Presenting our latest research in Greece at the 41st International Mediterranean Survey Workshop

In the picture: M. Georgiadis and G. Apostolou getting ready for the talks.

GIAP researchers Merkourios Georgiadis and Giannis Apostolou present our latest research in Greece, including results from this summer’s campaigns, at the 41st IMSW meeting. As presented by the organisers:

“The 41st hybrid IMSW meeting will take place at the Paul Valéry University – Montpellier (France) on Thursday 2 and Friday 3 December 2021 and is hosted by the Department of Archaeology research unit 5140 “Archéologie des Sociétés Méditerranéennes”. The host is Dr Maxime Scrinzi, associate researcher at the unit and work director at Mosaïques Archéologie company.

The semi-annual International Mediterranean Survey Workshop have, since 2001, brought together an increasing circle of field survey practitioners and students from Europe (and occasionally, elsewhere) for presentation of (preliminary) results and free- ranging discussion of issues of interest.
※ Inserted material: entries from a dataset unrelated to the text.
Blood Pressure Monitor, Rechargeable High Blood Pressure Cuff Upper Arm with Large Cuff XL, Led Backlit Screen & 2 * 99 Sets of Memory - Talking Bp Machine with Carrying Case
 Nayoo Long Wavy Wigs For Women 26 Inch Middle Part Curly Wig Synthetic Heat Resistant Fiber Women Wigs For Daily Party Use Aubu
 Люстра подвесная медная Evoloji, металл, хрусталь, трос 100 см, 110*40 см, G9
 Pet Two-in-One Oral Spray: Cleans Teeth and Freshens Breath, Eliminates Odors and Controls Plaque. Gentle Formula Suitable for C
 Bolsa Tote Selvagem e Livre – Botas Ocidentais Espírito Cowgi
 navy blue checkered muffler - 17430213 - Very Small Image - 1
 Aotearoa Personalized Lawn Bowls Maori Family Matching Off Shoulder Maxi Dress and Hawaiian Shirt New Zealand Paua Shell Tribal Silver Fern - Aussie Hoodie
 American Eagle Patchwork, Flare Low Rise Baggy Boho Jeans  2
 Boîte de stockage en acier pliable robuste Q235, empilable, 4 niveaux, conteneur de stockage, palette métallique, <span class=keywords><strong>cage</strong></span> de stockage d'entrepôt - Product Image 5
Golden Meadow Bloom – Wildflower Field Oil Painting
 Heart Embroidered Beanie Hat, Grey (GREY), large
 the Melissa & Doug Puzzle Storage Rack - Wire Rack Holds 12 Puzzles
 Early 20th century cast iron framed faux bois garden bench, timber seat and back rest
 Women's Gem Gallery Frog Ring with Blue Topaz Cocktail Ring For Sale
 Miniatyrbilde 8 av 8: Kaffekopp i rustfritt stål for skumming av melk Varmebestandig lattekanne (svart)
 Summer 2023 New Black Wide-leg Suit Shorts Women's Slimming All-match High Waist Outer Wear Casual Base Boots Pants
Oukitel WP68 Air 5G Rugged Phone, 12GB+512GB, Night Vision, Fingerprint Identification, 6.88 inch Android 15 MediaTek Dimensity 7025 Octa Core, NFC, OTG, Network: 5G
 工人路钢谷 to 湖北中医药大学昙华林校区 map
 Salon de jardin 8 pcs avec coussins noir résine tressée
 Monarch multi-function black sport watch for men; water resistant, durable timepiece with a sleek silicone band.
Having started out in the Low Countries, the workshops have since been held alternately in many countries of Mediterranean Europe – Spain, Italy, Turkey, and Croatia – as well as in Austria and Germany.”

11h – 11h30 : Session 1

From Abdera to inland Thrace via River Nestos and smaller rivers

By Merkourios Georgiadis (Catalan Institute of Classical Archaeology), Constantina Kallintzi (Ephorate of Antiquities of Xanthi), Eurydice Kefalidou (National and Kapodistrian University of Athens)

The APAX archaeological project has conducted intensive surveys in different parts of the Xanthi Prefecture in Aegean Thrace. It has analysed the coastal Greek colony of Abdera from the mid-7th century BC until the Late Roman period as well as parts of inland Thrace. In this region there has been a broad and relatively deep coastal plain with smaller rivers connecting in a way the coastal with the more inland part. Moreover, the larger River Nestos connected the coastal area with the mountainous hinterland and its upland regions. Some preliminary hypotheses about the relationship between rivers and the ancient coastline have been formed. The coast and the rivers appear to be both barriers and routes that allowed or restricted exchanges and trade to be conducted between different cultural groups that coexisted in Aegean Thrace throughout antiquity.

11h30 – 12h : Session 1

Testing a multi-level extensive survey in a semi-mountainous landscape: the case of Grevena, NW Greece

By Giannis Apostolou (Catalan Institute of Classical Archaeology), Mercourios Georgiadis (Catalan Institute of Classical Archaeology), Arnau Garcia-Molsosa (Catalan Institute of Classical Archaeology), Hector Orengo (Catalan Institute of Classical Archaeology) , Sofia Dimaki (Ephorate of Antiquities of Grevena, Greek Ministry of Culture and Sports), and Konstantina Venieri (Catalan Institute of Classical Archaeology)

This paper presents the overview of an extensive survey methodology applied to the Grevena region in Greece. During August-October 2021 the first season of a new survey programme took place, which seeks to combine historical archives, oral testimonies and old archaeological records with the latest remote sensing applications and a multi-layer, ground-truthing workflow. Geoarchaeological analysis of the landscape also figures prominently for understanding human occupation trends and shifts during different periods of the past in Grevena. All such collected information is built into a single GIS database, which will subsequently create an up-to-date, multi-layer archaeological map of the area.